PROBLEM: Make an exact copy of every record that follows.

DATA TO EXAMINE:
╔══
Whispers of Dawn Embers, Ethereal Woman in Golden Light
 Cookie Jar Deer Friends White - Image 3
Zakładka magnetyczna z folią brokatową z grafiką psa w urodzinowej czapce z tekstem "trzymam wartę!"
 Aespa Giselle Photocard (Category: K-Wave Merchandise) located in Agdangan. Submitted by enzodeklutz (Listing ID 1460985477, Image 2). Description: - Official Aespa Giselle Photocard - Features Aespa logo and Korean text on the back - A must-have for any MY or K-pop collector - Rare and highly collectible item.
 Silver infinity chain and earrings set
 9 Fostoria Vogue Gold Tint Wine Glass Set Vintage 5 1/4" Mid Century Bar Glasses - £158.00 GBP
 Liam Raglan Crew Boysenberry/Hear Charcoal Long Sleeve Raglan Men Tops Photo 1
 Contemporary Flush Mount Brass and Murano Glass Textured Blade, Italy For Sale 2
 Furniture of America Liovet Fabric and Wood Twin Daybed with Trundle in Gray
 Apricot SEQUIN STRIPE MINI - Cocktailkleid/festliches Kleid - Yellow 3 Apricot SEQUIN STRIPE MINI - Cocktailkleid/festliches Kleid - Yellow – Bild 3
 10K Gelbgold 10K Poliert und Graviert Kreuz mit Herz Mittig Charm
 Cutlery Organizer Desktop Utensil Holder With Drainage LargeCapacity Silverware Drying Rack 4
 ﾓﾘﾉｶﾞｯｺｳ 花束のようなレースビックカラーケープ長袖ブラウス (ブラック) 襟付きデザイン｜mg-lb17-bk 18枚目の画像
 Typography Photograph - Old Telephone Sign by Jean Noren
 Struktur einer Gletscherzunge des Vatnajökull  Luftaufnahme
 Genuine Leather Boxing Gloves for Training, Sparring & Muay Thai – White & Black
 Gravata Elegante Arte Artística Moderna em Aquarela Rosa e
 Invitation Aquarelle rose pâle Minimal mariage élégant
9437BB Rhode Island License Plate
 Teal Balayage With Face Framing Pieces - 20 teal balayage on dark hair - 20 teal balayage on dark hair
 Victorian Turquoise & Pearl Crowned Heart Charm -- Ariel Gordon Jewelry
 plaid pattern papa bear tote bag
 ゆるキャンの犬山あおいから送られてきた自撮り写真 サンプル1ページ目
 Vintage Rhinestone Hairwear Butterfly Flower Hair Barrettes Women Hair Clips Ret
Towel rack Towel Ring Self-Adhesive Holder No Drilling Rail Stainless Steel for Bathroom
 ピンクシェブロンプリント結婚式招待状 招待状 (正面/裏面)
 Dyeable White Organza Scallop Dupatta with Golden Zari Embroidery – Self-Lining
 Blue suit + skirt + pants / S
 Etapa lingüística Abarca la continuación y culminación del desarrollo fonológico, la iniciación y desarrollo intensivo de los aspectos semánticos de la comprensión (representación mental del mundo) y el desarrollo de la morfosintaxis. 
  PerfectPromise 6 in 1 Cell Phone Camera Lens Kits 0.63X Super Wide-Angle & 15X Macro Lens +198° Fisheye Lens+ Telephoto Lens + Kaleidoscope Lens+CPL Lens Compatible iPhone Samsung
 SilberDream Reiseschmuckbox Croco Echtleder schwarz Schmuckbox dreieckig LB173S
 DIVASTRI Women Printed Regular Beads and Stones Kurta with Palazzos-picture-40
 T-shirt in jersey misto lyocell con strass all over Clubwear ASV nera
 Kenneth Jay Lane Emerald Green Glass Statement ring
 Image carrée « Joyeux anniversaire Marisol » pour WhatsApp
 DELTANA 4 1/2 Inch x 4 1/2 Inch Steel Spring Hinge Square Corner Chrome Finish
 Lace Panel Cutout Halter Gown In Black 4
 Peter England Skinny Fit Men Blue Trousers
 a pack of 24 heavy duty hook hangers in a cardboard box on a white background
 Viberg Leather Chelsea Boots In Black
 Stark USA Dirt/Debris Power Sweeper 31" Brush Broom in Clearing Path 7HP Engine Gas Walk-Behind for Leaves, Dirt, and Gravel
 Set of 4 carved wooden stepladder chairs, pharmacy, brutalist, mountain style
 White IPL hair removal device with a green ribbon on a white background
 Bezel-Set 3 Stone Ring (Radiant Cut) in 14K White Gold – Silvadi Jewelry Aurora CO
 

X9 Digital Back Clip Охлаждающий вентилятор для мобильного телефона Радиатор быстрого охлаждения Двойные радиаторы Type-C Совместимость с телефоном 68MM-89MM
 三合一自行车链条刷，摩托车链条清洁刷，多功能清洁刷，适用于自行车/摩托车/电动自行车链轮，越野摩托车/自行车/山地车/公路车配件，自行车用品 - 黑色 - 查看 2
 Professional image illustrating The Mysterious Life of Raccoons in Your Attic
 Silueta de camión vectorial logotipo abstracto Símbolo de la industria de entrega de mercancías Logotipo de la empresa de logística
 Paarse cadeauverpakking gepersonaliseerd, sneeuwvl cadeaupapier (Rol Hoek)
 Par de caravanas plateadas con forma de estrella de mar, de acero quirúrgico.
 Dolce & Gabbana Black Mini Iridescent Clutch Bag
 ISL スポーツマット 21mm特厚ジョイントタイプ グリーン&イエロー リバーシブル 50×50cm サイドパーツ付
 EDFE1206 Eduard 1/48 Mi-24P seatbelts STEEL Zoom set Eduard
╚══
RESULT OF THE EXERCISE:
Whispers of Dawn Embers, Ethereal Woman in Golden Light
 Cookie Jar Deer Friends White - Image 3
Zakładka magnetyczna z folią brokatową z grafiką psa w urodzinowej czapce z tekstem "trzymam wartę!"
 Aespa Giselle Photocard (Category: K-Wave Merchandise) located in Agdangan. Submitted by enzodeklutz (Listing ID 1460985477, Image 2). Description: - Official Aespa Giselle Photocard - Features Aespa logo and Korean text on the back - A must-have for any MY or K-pop collector - Rare and highly collectible item.
 Silver infinity chain and earrings set
 9 Fostoria Vogue Gold Tint Wine Glass Set Vintage 5 1/4" Mid Century Bar Glasses - £158.00 GBP
 Liam Raglan Crew Boysenberry/Hear Charcoal Long Sleeve Raglan Men Tops Photo 1
 Contemporary Flush Mount Brass and Murano Glass Textured Blade, Italy For Sale 2
 Furniture of America Liovet Fabric and Wood Twin Daybed with Trundle in Gray
 Apricot SEQUIN STRIPE MINI - Cocktailkleid/festliches Kleid - Yellow 3 Apricot SEQUIN STRIPE MINI - Cocktailkleid/festliches Kleid - Yellow – Bild 3
 10K Gelbgold 10K Poliert und Graviert Kreuz mit Herz Mittig Charm
 Cutlery Organizer Desktop Utensil Holder With Drainage LargeCapacity Silverware Drying Rack 4
 ﾓﾘﾉｶﾞｯｺｳ 花束のようなレースビックカラーケープ長袖ブラウス (ブラック) 襟付きデザイン｜mg-lb17-bk 18枚目の画像
 Typography Photograph - Old Telephone Sign by Jean Noren
 Struktur einer Gletscherzunge des Vatnajökull  Luftaufnahme
 Genuine Leather Boxing Gloves for Training, Sparring & Muay Thai – White & Black
 Gravata Elegante Arte Artística Moderna em Aquarela Rosa e
 Invitation Aquarelle rose pâle Minimal mariage élégant
9437BB Rhode Island License Plate
 Teal Balayage With Face Framing Pieces - 20 teal balayage on dark hair - 20 teal balayage on dark hair
 Victorian Turquoise & Pearl Crowned Heart Charm -- Ariel Gordon Jewelry
 plaid pattern papa bear tote bag
 ゆるキャンの犬山あおいから送られてきた自撮り写真 サンプル1ページ目
 Vintage Rhinestone Hairwear Butterfly Flower Hair Barrettes Women Hair Clips Ret
Towel rack Towel Ring Self-Adhesive Holder No Drilling Rail Stainless Steel for Bathroom
 ピンクシェブロンプリント結婚式招待状 招待状 (正面/裏面)
 Dyeable White Organza Scallop Dupatta with Golden Zari Embroidery – Self-Lining
 Blue suit + skirt + pants / S
 Etapa lingüística Abarca la continuación y culminación del desarrollo fonológico, la iniciación y desarrollo intensivo de los aspectos semánticos de la comprensión (representación mental del mundo) y el desarrollo de la morfosintaxis. 
  PerfectPromise 6 in 1 Cell Phone Camera Lens Kits 0.63X Super Wide-Angle & 15X Macro Lens +198° Fisheye Lens+ Telephoto Lens + Kaleidoscope Lens+CPL Lens Compatible iPhone Samsung
 SilberDream Reiseschmuckbox Croco Echtleder schwarz Schmuckbox dreieckig LB173S
 DIVASTRI Women Printed Regular Beads and Stones Kurta with Palazzos-picture-40
 T-shirt in jersey misto lyocell con strass all over Clubwear ASV nera
 Kenneth Jay Lane Emerald Green Glass Statement ring
 Image carrée « Joyeux anniversaire Marisol » pour WhatsApp
 DELTANA 4 1/2 Inch x 4 1/2 Inch Steel Spring Hinge Square Corner Chrome Finish
 Lace Panel Cutout Halter Gown In Black 4
 Peter England Skinny Fit Men Blue Trousers
 a pack of 24 heavy duty hook hangers in a cardboard box on a white background
 Viberg Leather Chelsea Boots In Black
 Stark USA Dirt/Debris Power Sweeper 31" Brush Broom in Clearing Path 7HP Engine Gas Walk-Behind for Leaves, Dirt, and Gravel
 Set of 4 carved wooden stepladder chairs, pharmacy, brutalist, mountain style
 White IPL hair removal device with a green ribbon on a white background
 Bezel-Set 3 Stone Ring (Radiant Cut) in 14K White Gold – Silvadi Jewelry Aurora CO
 

X9 Digital Back Clip Охлаждающий вентилятор для мобильного телефона Радиатор быстрого охлаждения Двойные радиаторы Type-C Совместимость с телефоном 68MM-89MM
 三合一自行车链条刷，摩托车链条清洁刷，多功能清洁刷，适用于自行车/摩托车/电动自行车链轮，越野摩托车/自行车/山地车/公路车配件，自行车用品 - 黑色 - 查看 2
 Professional image illustrating The Mysterious Life of Raccoons in Your Attic
 Silueta de camión vectorial logotipo abstracto Símbolo de la industria de entrega de mercancías Logotipo de la empresa de logística
 Paarse cadeauverpakking gepersonaliseerd, sneeuwvl cadeaupapier (Rol Hoek)
 Par de caravanas plateadas con forma de estrella de mar, de acero quirúrgico.
 Dolce & Gabbana Black Mini Iridescent Clutch Bag
 ISL スポーツマット 21mm特厚ジョイントタイプ グリーン&イエロー リバーシブル 50×50cm サイドパーツ付
 EDFE1206 Eduard 1/48 Mi-24P seatbelts STEEL Zoom set Eduard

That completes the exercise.